La filosofía negativa es propia de una etapa de la historia humana. Recordemos la importancia que tiene para Comte la ley de los tres estados. La primera etapa en la historia de la humanidad es la teológica. En esa etapa, la teología fue una personificación ingenua de los fenómenos, un antropomorfismo de imaginación y sentimiento. Sin embargo, tuvo una gran importancia porque guio al hombre primitivo en sus observaciones y le sirvió para orientarse en la naturaleza. La metafísica, propia de la segunda etapa, y crítica de la primera, es demasiado abstracta y cuestionadora y, por consiguiente, distanciada de lo real e incapaz de organizar. Esa etapa tiene su apogeo en la Revolución Francesa. Fue esta una experiencia solemne que dio lugar a la impotencia de los principios críticos para organizar el nuevo orden social. La intención de reconstruir ese nuevo orden estaba condenada al fracaso. No podía estatuirse ningún orden por la naturaleza únicamente crítica de la doctrina revolucionaria, la cual hizo imposible la acción del poder, fraccionándolo y restringiéndolo, con el pretexto de equilibrarlo.
La filosofía negativa tiene su base en el libre examen. Ello desempeñó un papel importante en el derrumbe de la etapa teológica. Pero en la etapa positivista, última de la historia, tiene que ser suprimida. El positivismo no puede dejar subsistir el principio revolucionario del libre examen. Encontramos aquí una enorme diferencia entre la concepción de la historia de Comte y la de Hegel. Para este último, la negatividad es la fuerza que mueve la historia. Es el momento esencial de su dialéctica. Aparece en la historia con Sócrates y es una adquisición definitiva de la formación de la conciencia humana. Aunque el mundo griego haya desaparecido, sus aportes a la cultura humana no desaparecen. Es lo que llama Hegel aufhebung, negación que conserva. En Comte la negación no conserva. Y no puede hacerlo, pues la etapa final de la historia humana no puede tolerar la fuerza crítica de la negatividad. El libre examen ya no corresponde a nada, tan pronto como se hayan establecido los principios positivos de gobierno y de moralidad. Quedará reducido a discutir y analizar las consecuencias de los principios y sus aplicaciones, pero queda eliminado del análisis y la crítica de esos principios.

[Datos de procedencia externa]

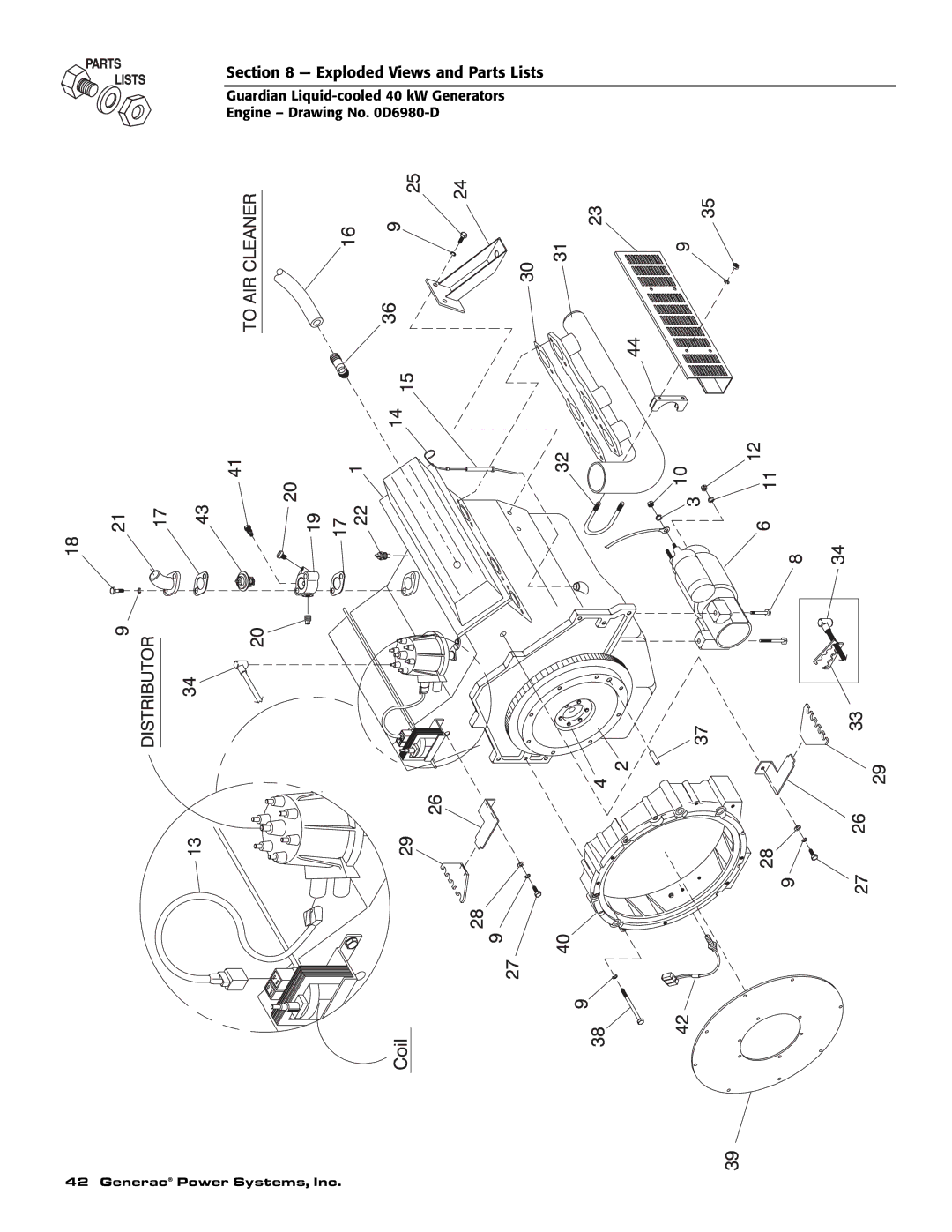 Generac Power Systems 004626-5, 004373-6 owner manual Exploded Views and Parts Lists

Como decíamos, en Hegel ese poder crítico de la conciencia no desaparece con la época que surgió. El hombre siempre tiene el derecho de analizar y criticar los principios y normas de su acción. La negación no puede ser eliminada, pues constituye una oposición que surge o es puesta al asumirse una posición. A lleva dentro de su seno a (léase NO-A) y es lo que nos permite afirmar y comprender a A. La posición de Comte respecto al libre examen es semejante a la de Lenin. El político comunista eliminó, de lo que él llamó la dialéctica, la negatividad. ¿Cómo podía admitir que la sociedad instaurada por él podía ser analizada y criticada? A Lenin cabría decirle lo que Marx decía de los pensadores burgueses que afirmaban que la sociedad burguesa era una sociedad que duraría eternamente. Decía Marx: “hubo historia, pero ya no la hay”(7). Lo mismo puede decirse del positivismo de Comte. El último estadio de la evolución histórica se propone acabar con la anarquía producida por el libre examen. Para ello se requiere una autoridad fuerte:
«Tanto en el orden intelectual como en el material, los hombres encuentran, por encima de todo, la necesidad indispensable de alguna dirección suprema, capaz de fundamentar sus continuas actividades, relacionándolas y fijando sus esfuerzos espontáneos»(8).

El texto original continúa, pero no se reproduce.